Given data:
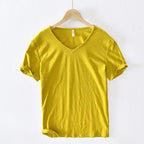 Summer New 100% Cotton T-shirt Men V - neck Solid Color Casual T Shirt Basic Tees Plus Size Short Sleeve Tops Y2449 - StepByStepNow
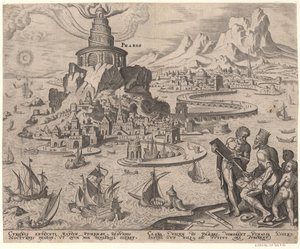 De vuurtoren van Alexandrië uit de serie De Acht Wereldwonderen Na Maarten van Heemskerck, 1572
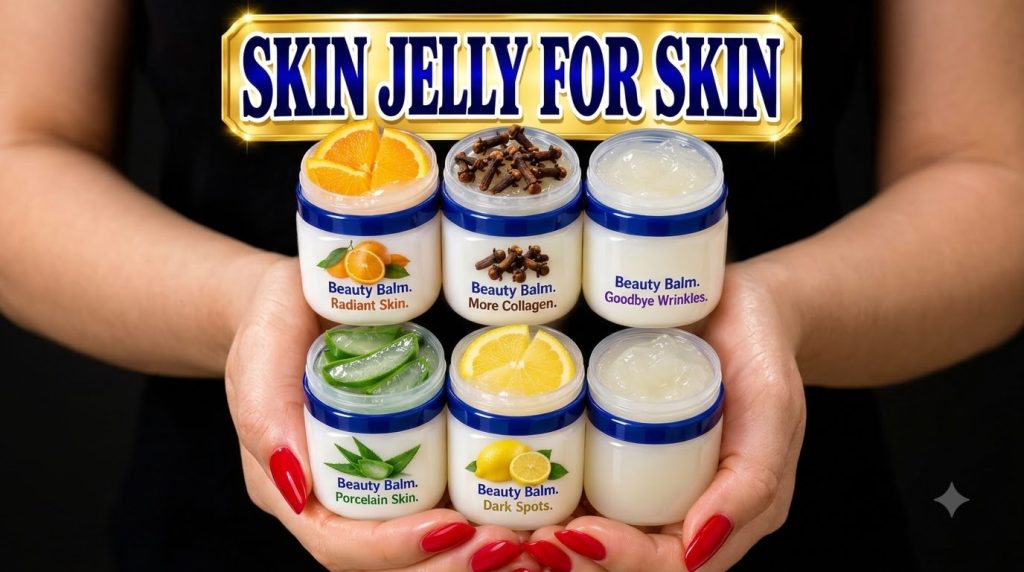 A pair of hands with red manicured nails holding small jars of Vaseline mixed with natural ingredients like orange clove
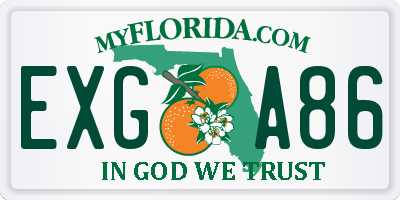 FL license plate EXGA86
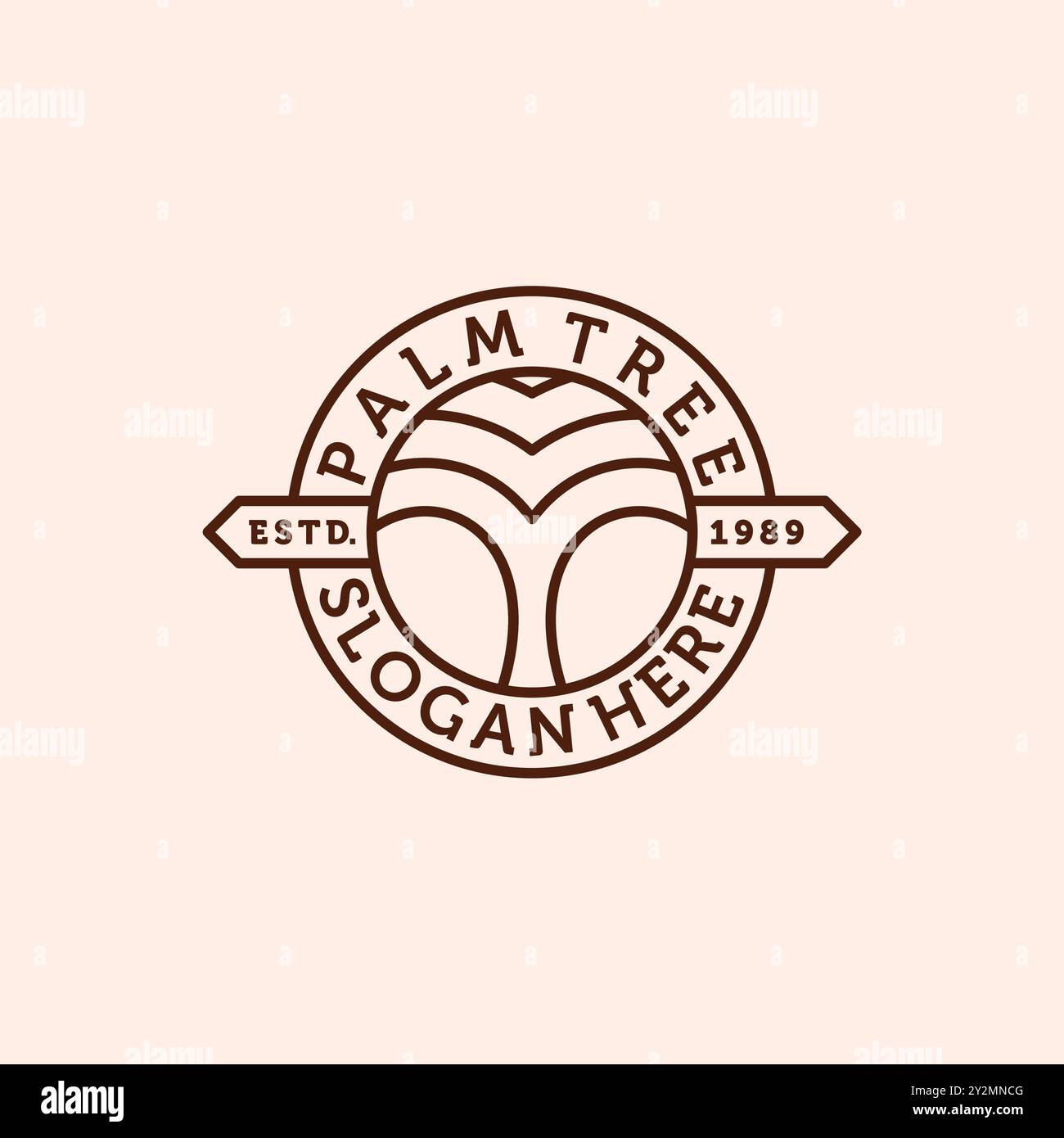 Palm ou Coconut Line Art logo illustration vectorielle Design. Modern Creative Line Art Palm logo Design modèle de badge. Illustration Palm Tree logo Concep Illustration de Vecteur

---

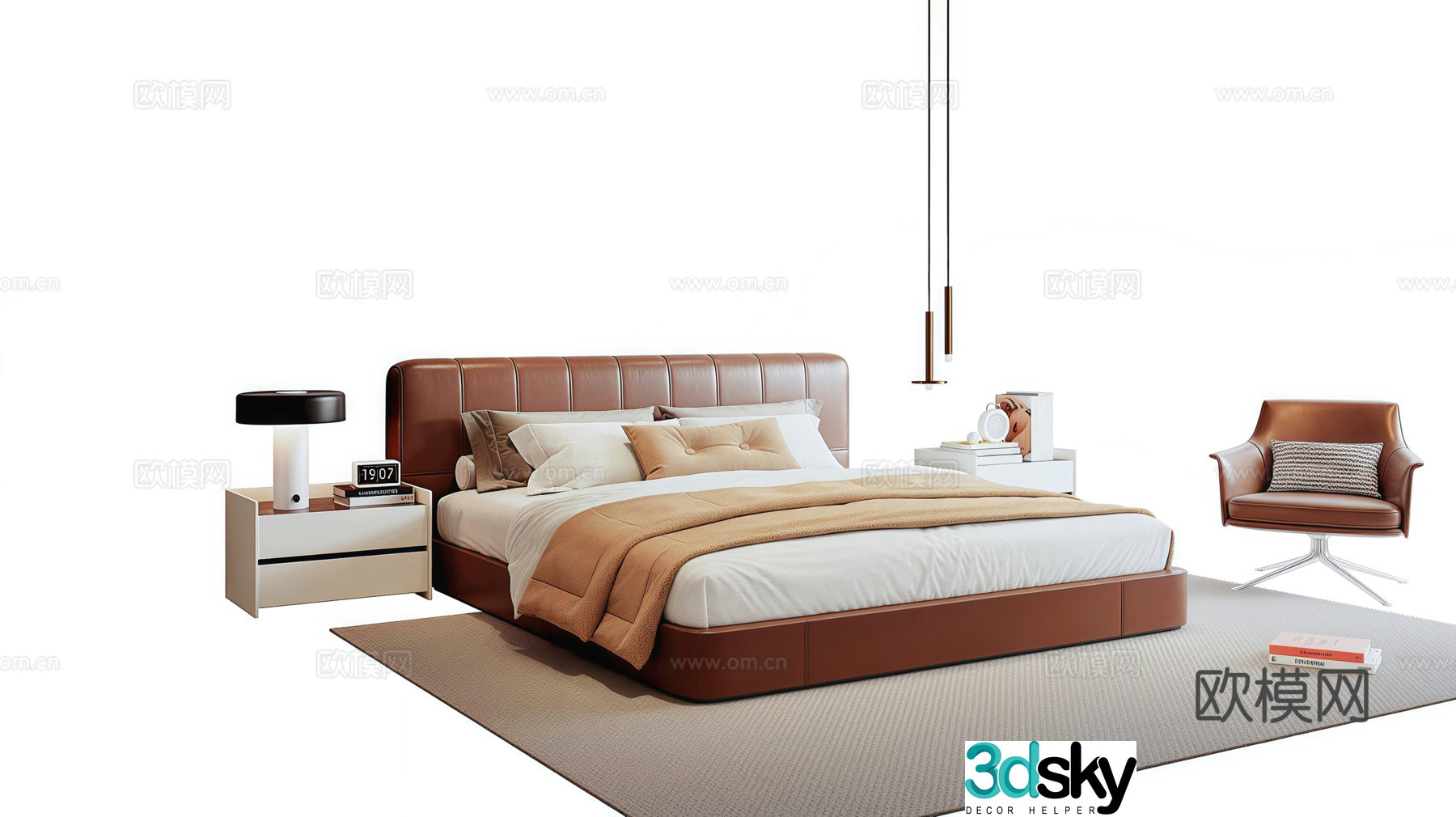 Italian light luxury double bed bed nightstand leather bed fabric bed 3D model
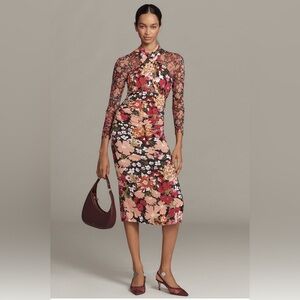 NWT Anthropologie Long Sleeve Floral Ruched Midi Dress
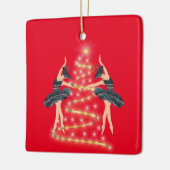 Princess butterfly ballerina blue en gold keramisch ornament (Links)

Exercise details:
In the listing above, find the line containing "NWT Anthropologie Long" and the line containing "Princess butterfly ballerina". Reproduce those lines and all between them exactly, with no pictures and nothing more.

Task response:
 NWT Anthropologie Long Sleeve Floral Ruched Midi Dress
 Princess butterfly ballerina blue en gold keramisch ornament (Links)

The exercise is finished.